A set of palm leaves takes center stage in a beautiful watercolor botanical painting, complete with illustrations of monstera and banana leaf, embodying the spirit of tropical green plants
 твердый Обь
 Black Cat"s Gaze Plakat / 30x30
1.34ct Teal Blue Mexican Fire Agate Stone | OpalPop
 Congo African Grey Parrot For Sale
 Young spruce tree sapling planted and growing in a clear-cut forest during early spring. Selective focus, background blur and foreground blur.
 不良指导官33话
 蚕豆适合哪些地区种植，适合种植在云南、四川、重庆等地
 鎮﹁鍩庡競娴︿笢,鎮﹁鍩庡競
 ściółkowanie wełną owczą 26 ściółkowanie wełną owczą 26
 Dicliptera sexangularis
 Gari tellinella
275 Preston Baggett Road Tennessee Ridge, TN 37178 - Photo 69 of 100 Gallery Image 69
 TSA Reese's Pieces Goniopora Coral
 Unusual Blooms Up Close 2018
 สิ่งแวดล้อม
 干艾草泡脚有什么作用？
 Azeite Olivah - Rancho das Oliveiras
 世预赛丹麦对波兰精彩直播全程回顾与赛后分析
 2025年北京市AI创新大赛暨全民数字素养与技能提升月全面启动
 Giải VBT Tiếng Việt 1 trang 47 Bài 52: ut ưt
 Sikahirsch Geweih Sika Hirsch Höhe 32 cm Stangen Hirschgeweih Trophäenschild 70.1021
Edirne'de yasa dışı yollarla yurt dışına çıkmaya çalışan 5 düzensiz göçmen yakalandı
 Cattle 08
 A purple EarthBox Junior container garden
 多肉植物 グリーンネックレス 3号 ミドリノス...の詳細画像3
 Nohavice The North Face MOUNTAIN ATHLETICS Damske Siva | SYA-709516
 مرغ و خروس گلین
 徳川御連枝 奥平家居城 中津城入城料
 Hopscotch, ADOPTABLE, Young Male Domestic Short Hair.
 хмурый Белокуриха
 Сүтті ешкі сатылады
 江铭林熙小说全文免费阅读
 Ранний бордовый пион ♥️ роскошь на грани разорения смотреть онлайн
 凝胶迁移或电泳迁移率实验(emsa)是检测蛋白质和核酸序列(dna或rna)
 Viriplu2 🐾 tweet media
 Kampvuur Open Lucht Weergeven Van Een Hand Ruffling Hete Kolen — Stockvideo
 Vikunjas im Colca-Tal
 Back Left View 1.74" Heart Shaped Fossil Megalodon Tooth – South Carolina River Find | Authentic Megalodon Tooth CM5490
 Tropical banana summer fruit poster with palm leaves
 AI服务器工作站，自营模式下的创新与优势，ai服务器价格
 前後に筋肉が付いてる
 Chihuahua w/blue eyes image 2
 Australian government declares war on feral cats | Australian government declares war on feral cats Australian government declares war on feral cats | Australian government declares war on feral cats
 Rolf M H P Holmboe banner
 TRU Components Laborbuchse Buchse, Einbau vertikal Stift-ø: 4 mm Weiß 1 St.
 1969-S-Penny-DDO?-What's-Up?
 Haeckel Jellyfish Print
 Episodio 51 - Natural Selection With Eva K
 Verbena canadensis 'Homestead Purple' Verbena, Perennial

○ ○ ○ ○ ○ ○ ○

* **WHAT YOU ARE ASKED TO DO**
From the listing above, return the lines starting at the one with "Plakat / 30x30" and ending at the one with "Nohavice The North", both kept, exactly as they appear and nothing more.

* **SOLVED PROBLEM**
 Black Cat"s Gaze Plakat / 30x30
1.34ct Teal Blue Mexican Fire Agate Stone | OpalPop
 Congo African Grey Parrot For Sale
 Young spruce tree sapling planted and growing in a clear-cut forest during early spring. Selective focus, background blur and foreground blur.
 不良指导官33话
 蚕豆适合哪些地区种植，适合种植在云南、四川、重庆等地
 鎮﹁鍩庡競娴︿笢,鎮﹁鍩庡競
 ściółkowanie wełną owczą 26 ściółkowanie wełną owczą 26
 Dicliptera sexangularis
 Gari tellinella
275 Preston Baggett Road Tennessee Ridge, TN 37178 - Photo 69 of 100 Gallery Image 69
 TSA Reese's Pieces Goniopora Coral
 Unusual Blooms Up Close 2018
 สิ่งแวดล้อม
 干艾草泡脚有什么作用？
 Azeite Olivah - Rancho das Oliveiras
 世预赛丹麦对波兰精彩直播全程回顾与赛后分析
 2025年北京市AI创新大赛暨全民数字素养与技能提升月全面启动
 Giải VBT Tiếng Việt 1 trang 47 Bài 52: ut ưt
 Sikahirsch Geweih Sika Hirsch Höhe 32 cm Stangen Hirschgeweih Trophäenschild 70.1021
Edirne'de yasa dışı yollarla yurt dışına çıkmaya çalışan 5 düzensiz göçmen yakalandı
 Cattle 08
 A purple EarthBox Junior container garden
 多肉植物 グリーンネックレス 3号 ミドリノス...の詳細画像3
 Nohavice The North Face MOUNTAIN ATHLETICS Damske Siva | SYA-709516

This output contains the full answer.